A capitalist society is structured in such a way that profit/money making is considered the most important pursuit for individuals within the society. Therefore, it is logical that those who make the most profit/money are rewarded in such a way as to perpetuate the ideology that making profit/money is the most desirable way to live one’s life. So, if you make money you are rewarded with huge sums of money, which you then choose to spend on consumer goods and this, in turn, maintains the market’s ‘decision’ to continue to define high pay as ‘fair’ only if wealth is being generated.

This Radio 4 series of debates asks some critical questions of society and presents a fresh way of examining the big issues.  However, in this particular instance more could have been made of the philosophical concept of money and the value it has been ascribed by society as a whole.  As John Searle states in his book, Making the World Social, money is a social institution that is constructed using language and semantics.  According to Searle, ‘the human mind is able to create systems of symbolic representations’ and therefore social institutions using speech acts.  The speech acts we use to create institutions, such as money, are called Declarations, which ‘we use to make something the case by declaring it to be the case’.  He goes on to state that: ‘money is money because the actual participants in the institution regard it as money’ and it is given value in society according to those participants’ collective ascription of value.  In other words, money is recognised by each and every one of us as holding a certain denomination for exchange purposes, but it is also ascribed a ‘value’ in terms of the level of status a person can attain in society if he or she possesses enough of it.
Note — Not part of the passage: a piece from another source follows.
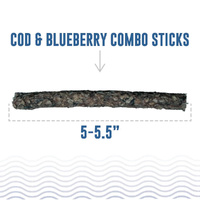 Icelandic Cod & Blueberry Combo Sticks - 6 Pack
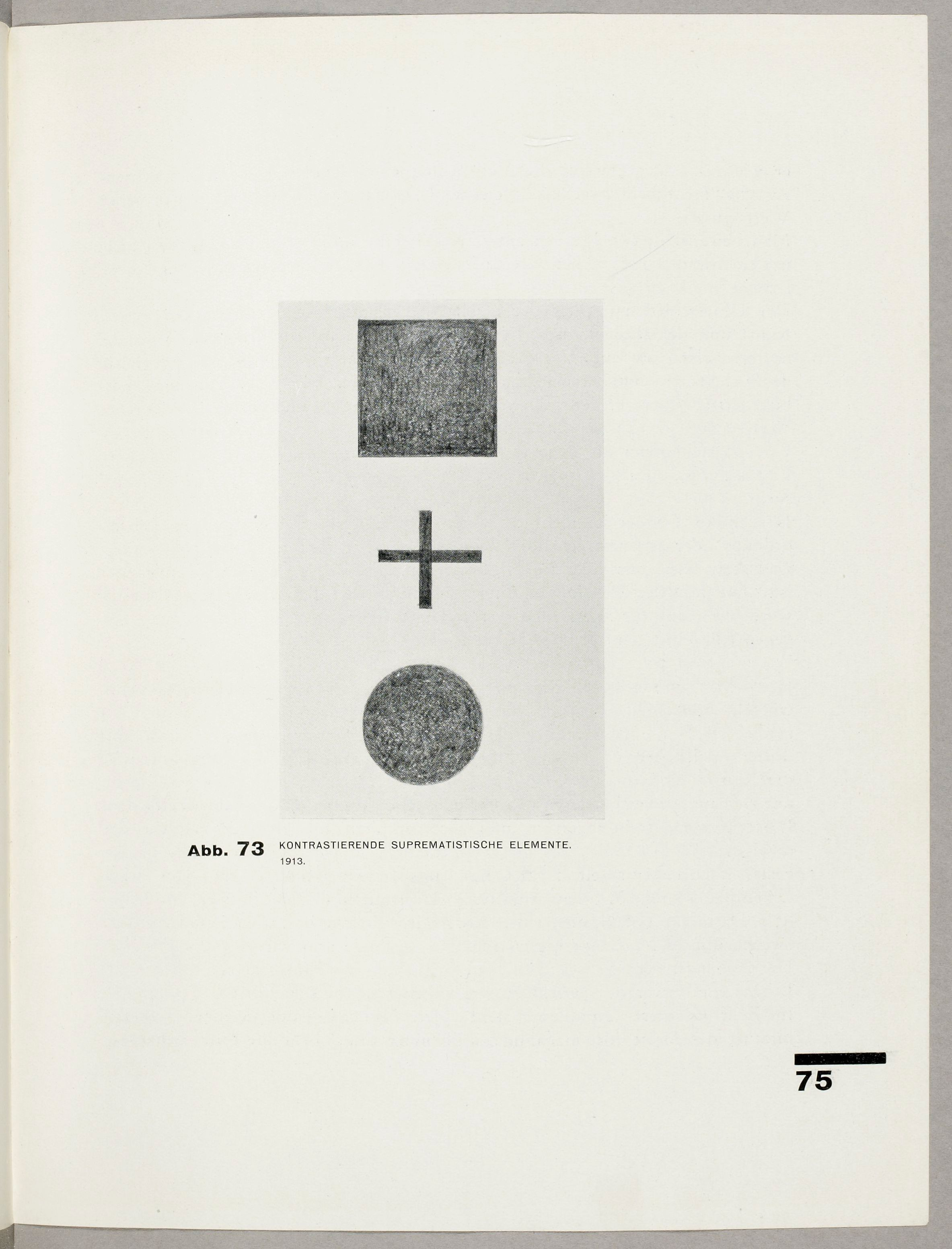 Contrasting suprematistic elements (1927).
In general it can be argued that people accept social institutions because they consider them as simply the way things are and not as a human/social construct that can be changed by collective design.  As it stands, the social institution of money has been given such power by its creators that it is understood as existing as a thing in itself, and this is happening to such an extent that the money markets are described as being able to ‘decide’ what is fair and what is not.  The structure of capitalist society is, at present, akin to the monster taking control of Victor Frankenstein!